И, наконец, мы можем выборочно вызывать какое-то поведение, вводя или убирая так называемый дифференциальный стимул, показывающий действенность подкрепляющего стимула. Алан Каздин подчеркивает, что если мы изначально настроены ответить на телефонный звонок, то он станет предпосылкой, в результате которой наше поведение с большей вероятностью приведет к подкрепляющему стимулу — возможности поговорить с кем-то.
В общем, концепция оперантного обусловливания позволяет использовать уже отмеченные предположения Аристотеля: мы все время пытаемся организовать нашу жизнь таким образом, чтобы то поведение, которое кажется нам приемлемым, стало привычным. Один из самых эффективных способов добиться этого — структурировать личный опыт так, чтобы нежелаемое поведение уступало альтернативному желаемому поведению.
Так, например, говоря о воспитании, Алан Каздин писал: «Вместо того, чтобы думать о нежелательном поведении ребенка —плач, драки с другими детьми, нарушенный режим сна, — начните думать о желательном поведении ребенка и поощряйте подобное поведение».
И вместо того, чтобы говорить себе: «Я не хочу засиживаться допоздна за разговорами со своим соседом по комнате», — лучше спросите себя: «Какое поведение я бы хотел привить себе и потом поддерживать? Есть ли какие-то альтернативы, которые предотвратят нежелательное поведение и поддержат желательное?»
Таким образом вы открываете для себя абсолютную форму самоконтроля — форму, использующую разницу между тем, во что вас вовлекает ум, и тем, к чему вас тянет ваша яростная часть души и вожделение. Вы начинаете ассоциировать ранее нейтральное поведение с положительными последствиями. «Когда вы избавляетесь от поведения посредством поощрения обратного поведения, — говорит Каздин, — эффект куда сильнее и длится дольше, чем если бы вы наказывали нежелательное поведение. Лучший способ выработать какие-то привычки — практика, подкрепленная стимулом».
Это соответствует мыслям Аристотеля: «Ибо если нечто следует делать, пройдя обучение, то учимся мы, делая это; например, строя дома, становятся зодчими, а играя на кифаре — кифаристами». На самом деле, вы слышали этот тезис трижды за сегодняшнюю лекцию. «Мы учимся ремеслу, производя то, что должны, уже владея определенными навыками. Мы становимся строителями, когда строим, учимся играть на арфе, когда играем на ней».
То есть мы пытаемся организовать нашу жизнь таким образом, чтобы довести до автоматизма следование нормам, которые мы одобряем.
Мне кажется, это с новой стороны раскрывает отрывок, которым я закончила предыдущую лекцию. Аристотель писал: «Ведь воздерживаясь от удовольствий, мы становимся благоразумными, а становясь такими, лучше всего способны от них воздерживаться.
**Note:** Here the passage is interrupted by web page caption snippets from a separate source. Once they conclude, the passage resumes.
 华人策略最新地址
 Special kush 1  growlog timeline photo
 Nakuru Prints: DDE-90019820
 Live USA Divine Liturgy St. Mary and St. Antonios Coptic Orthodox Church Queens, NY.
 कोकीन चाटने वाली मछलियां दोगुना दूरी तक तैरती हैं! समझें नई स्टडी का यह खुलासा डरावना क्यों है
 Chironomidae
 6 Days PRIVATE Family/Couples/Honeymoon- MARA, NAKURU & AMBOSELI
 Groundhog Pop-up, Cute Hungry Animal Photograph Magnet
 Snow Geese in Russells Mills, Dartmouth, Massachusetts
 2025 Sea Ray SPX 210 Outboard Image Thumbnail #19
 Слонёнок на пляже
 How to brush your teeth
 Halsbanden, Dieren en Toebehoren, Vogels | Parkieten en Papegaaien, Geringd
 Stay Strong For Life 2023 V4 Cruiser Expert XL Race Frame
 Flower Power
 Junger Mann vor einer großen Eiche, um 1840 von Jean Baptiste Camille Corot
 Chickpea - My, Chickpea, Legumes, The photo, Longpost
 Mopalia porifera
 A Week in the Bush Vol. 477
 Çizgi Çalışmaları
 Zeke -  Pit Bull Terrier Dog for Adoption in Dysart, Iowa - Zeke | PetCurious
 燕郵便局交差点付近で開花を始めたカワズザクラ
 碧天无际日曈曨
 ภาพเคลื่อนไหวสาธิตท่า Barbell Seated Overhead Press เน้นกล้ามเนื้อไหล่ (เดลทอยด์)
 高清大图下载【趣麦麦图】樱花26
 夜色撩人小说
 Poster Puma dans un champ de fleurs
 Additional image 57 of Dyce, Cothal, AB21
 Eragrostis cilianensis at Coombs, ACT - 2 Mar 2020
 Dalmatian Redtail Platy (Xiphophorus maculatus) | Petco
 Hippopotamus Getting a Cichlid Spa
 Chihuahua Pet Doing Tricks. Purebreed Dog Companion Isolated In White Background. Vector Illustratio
Так и с мужеством: приучаясь презирать опасности и не отступать перед ними, мы становимся мужественными, а став такими, лучше всего сможем выстоять».
И я считаю это неоспоримым аспектом человеческой натуры. Но на этом дело не заканчивается. Два эссе, которые я задала вам на дом, добавляют сложности освещенным на этой лекции идеям. Кроме того, темы эссе побуждают нас к размышлению о том, насколько полно сегодняшние тезисы описывают все действия, необходимые для изменения чего-либо в себе.